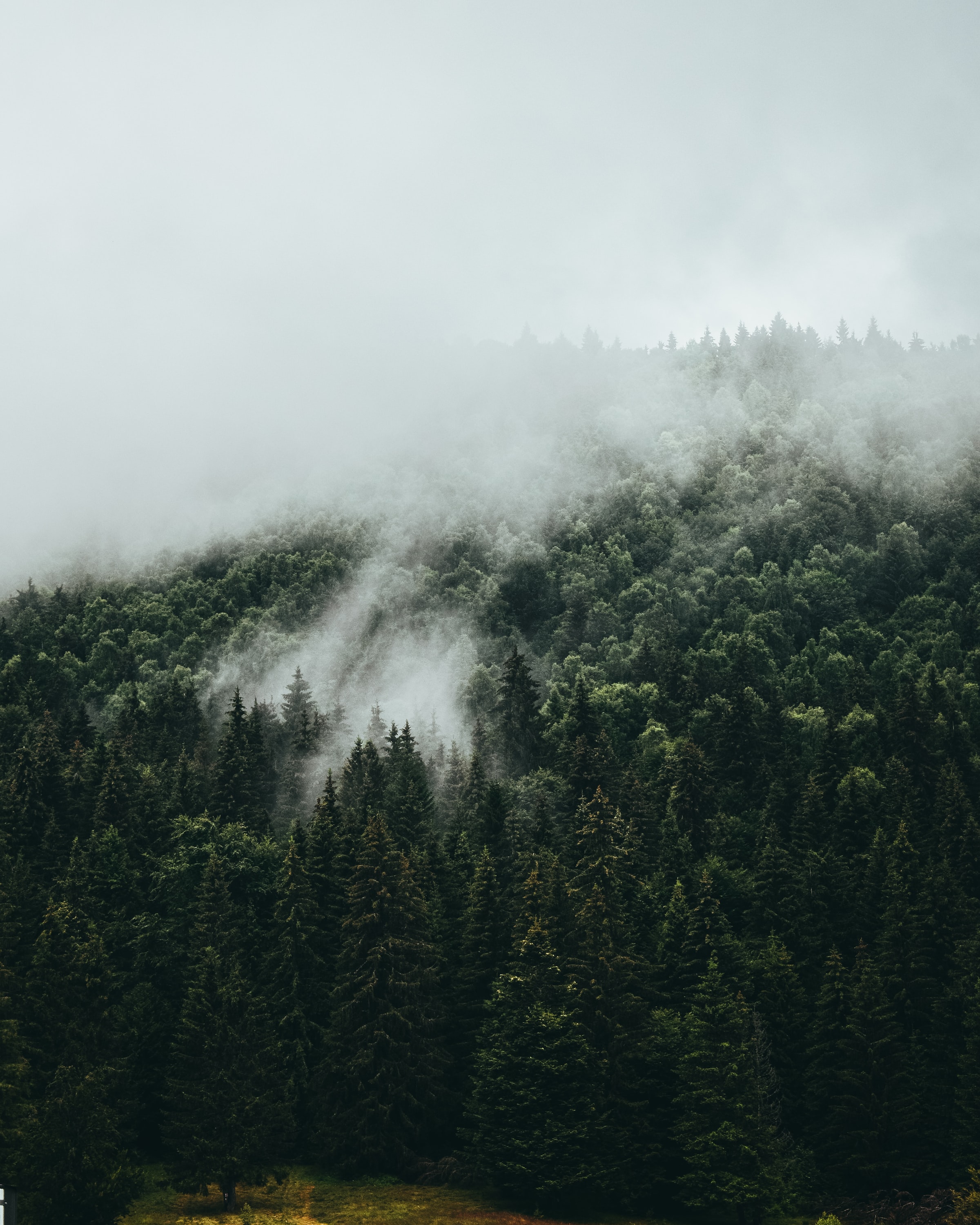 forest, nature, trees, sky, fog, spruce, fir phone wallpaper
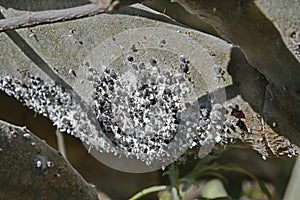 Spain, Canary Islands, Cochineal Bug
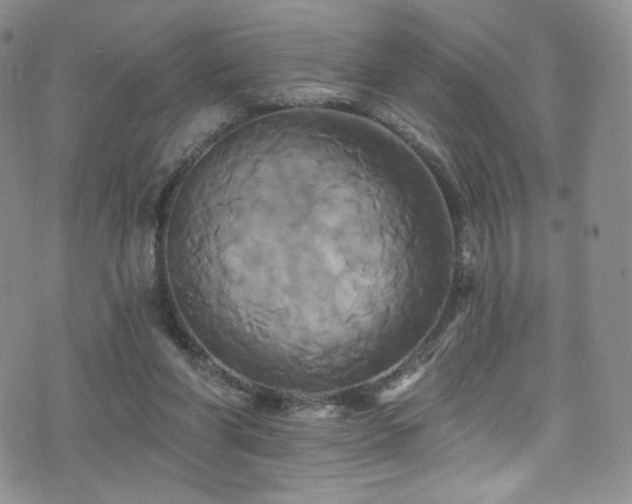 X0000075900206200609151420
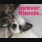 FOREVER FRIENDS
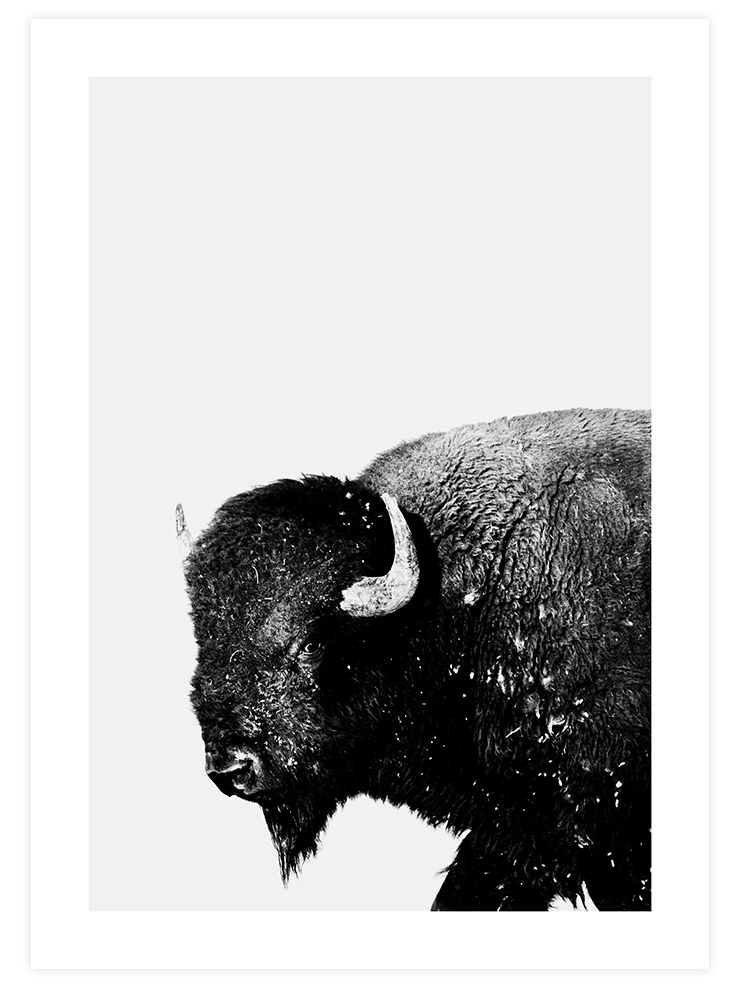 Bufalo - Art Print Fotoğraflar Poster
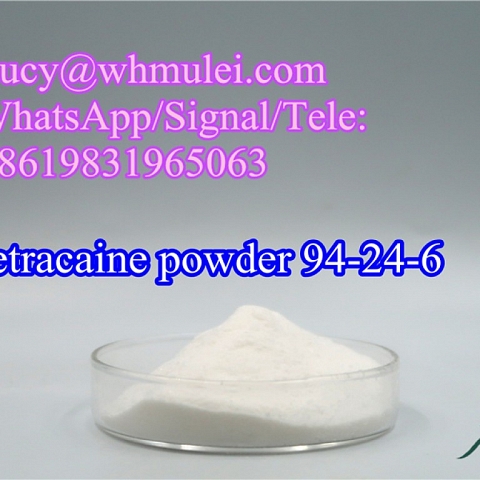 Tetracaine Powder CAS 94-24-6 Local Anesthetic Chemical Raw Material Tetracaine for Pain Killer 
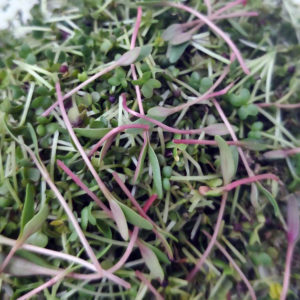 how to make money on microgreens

* * *

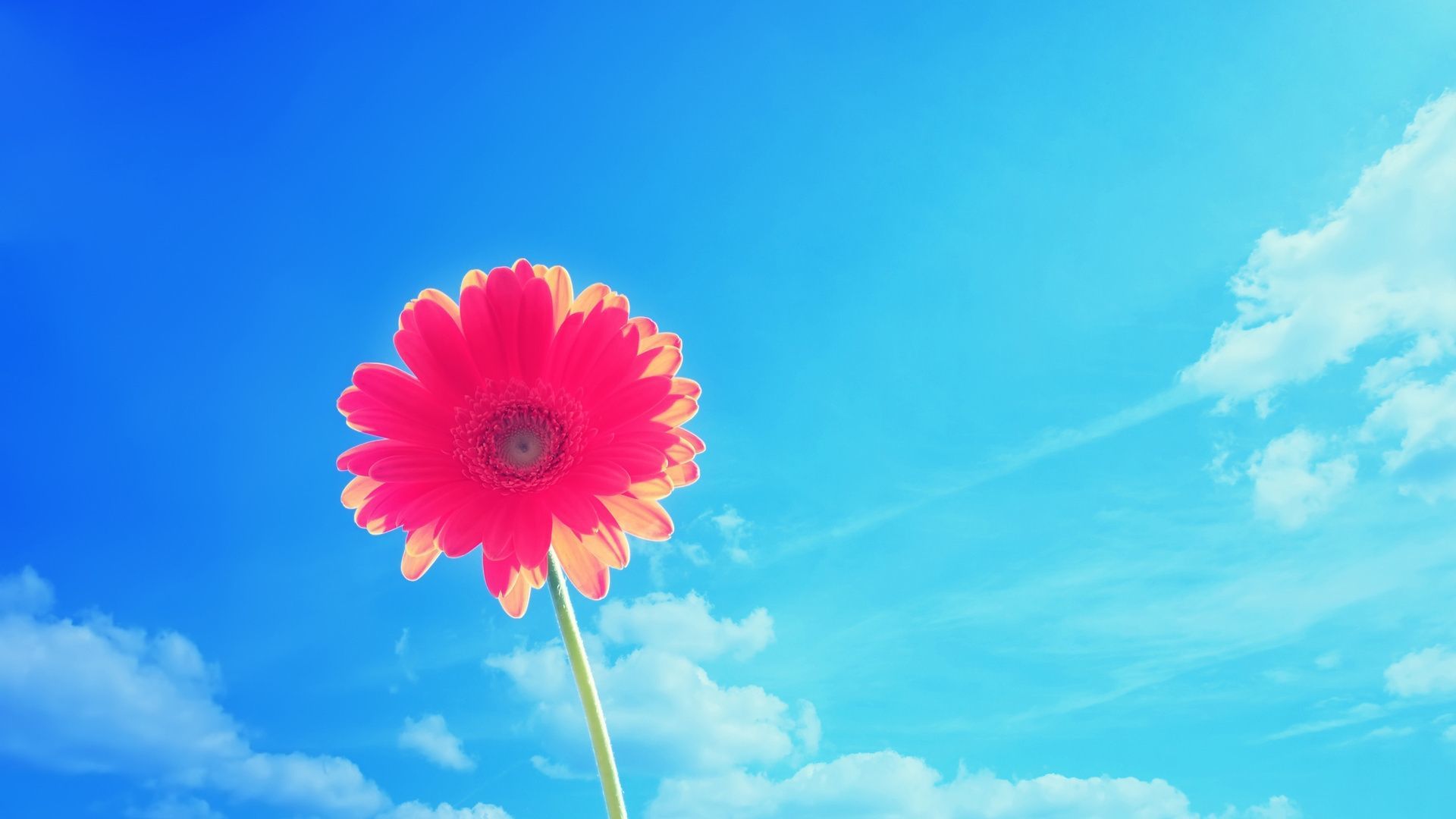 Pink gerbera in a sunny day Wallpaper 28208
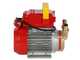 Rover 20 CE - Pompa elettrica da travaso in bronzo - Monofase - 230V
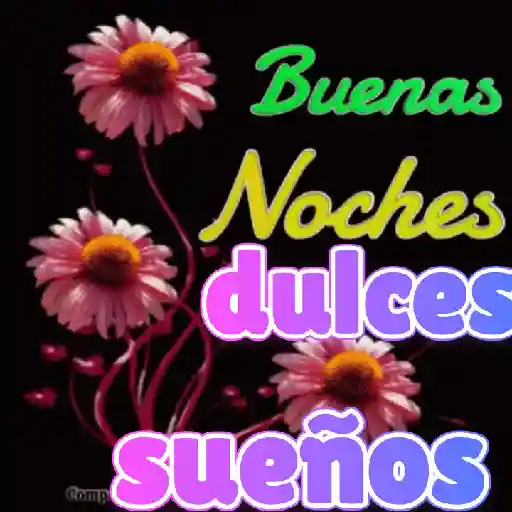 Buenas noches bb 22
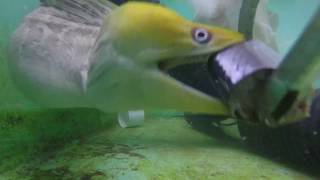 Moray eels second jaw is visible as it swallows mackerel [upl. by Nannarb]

==

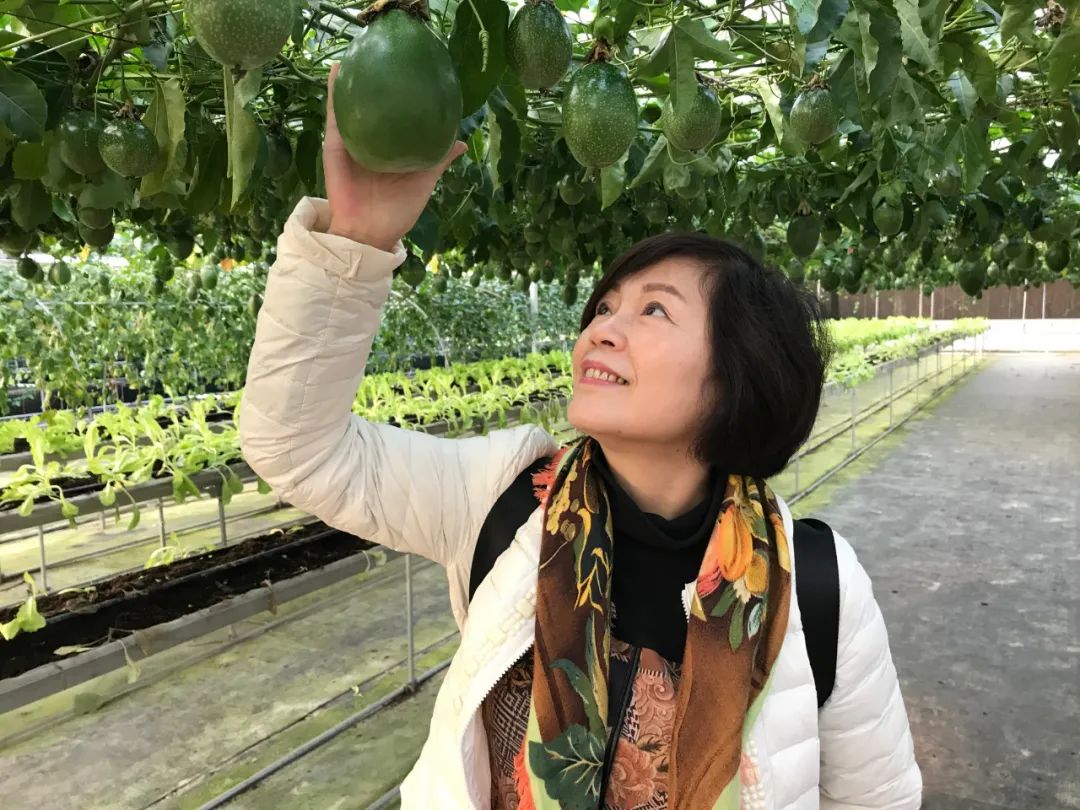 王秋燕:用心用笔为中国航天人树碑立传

» REQUIREMENT: Within the material above, find the part that opens with the line containing "forest, nature, trees, sky, fog, spruce, fir" and closes with the line containing "how to make money on microgreens", and reproduce it exactly without the pictures.

» TASK SOLUTION:
 forest, nature, trees, sky, fog, spruce, fir phone wallpaper
 Spain, Canary Islands, Cochineal Bug
 X0000075900206200609151420
 FOREVER FRIENDS
 Bufalo - Art Print Fotoğraflar Poster
 Tetracaine Powder CAS 94-24-6 Local Anesthetic Chemical Raw Material Tetracaine for Pain Killer 
 how to make money on microgreens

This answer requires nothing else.